> **Supplied data**
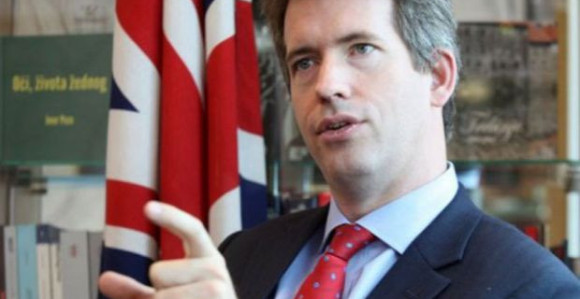 Ferguson: Nastavak podrške razvoju BiH
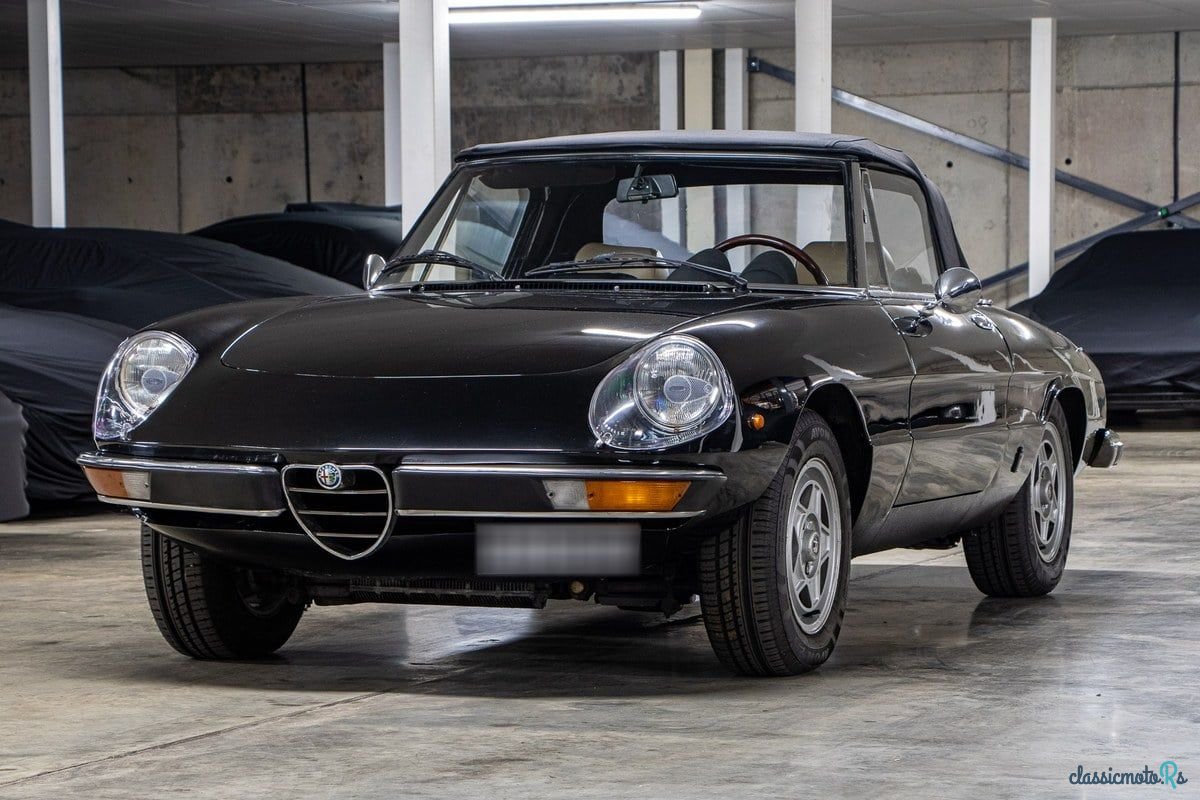 1981' Alfa Romeo 1300 Sprint photo #1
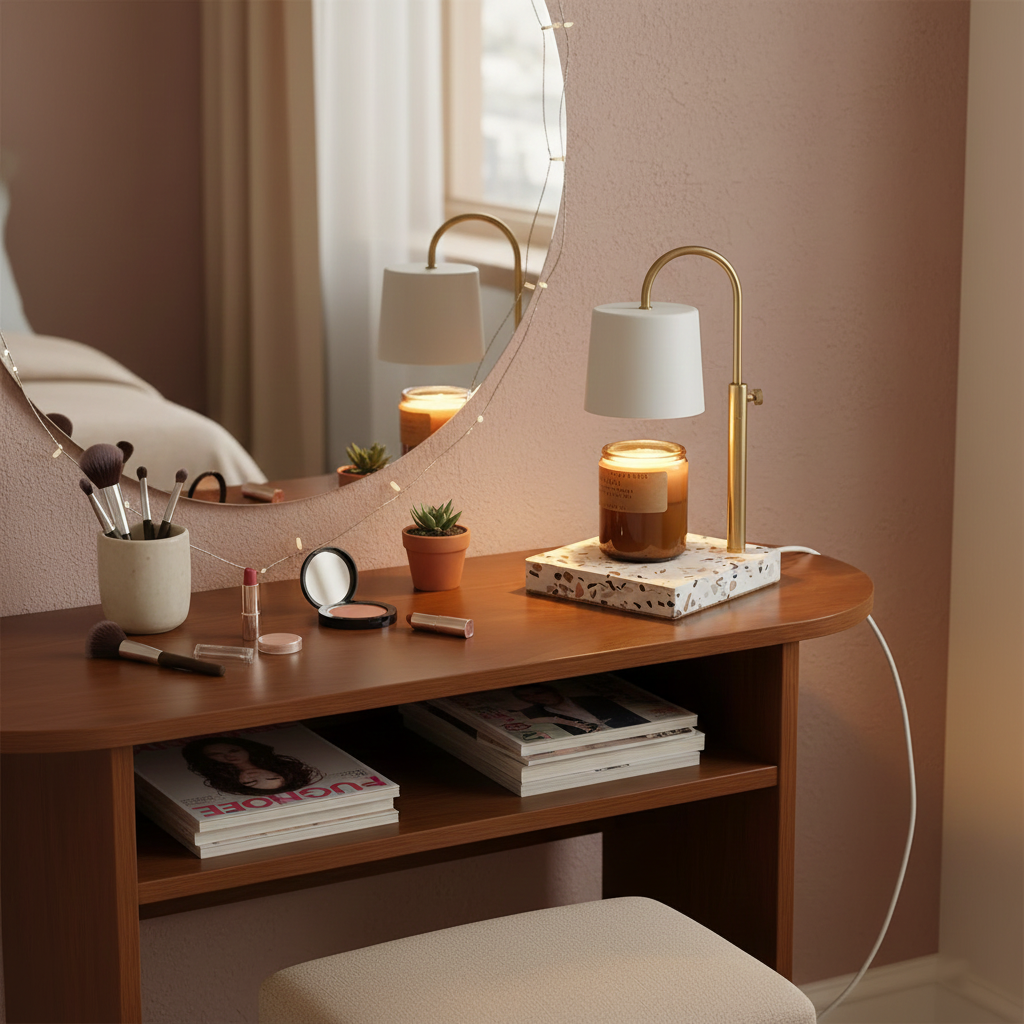 Nora Candle Warmer Lamp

> **Task requirements**
Omit the pictures and write out exactly the lines from the one containing "1981' Alfa Romeo 1300 Sprint photo #1" through the last line of the material.

> **Response for this exercise**
 1981' Alfa Romeo 1300 Sprint photo #1
 Nora Candle Warmer Lamp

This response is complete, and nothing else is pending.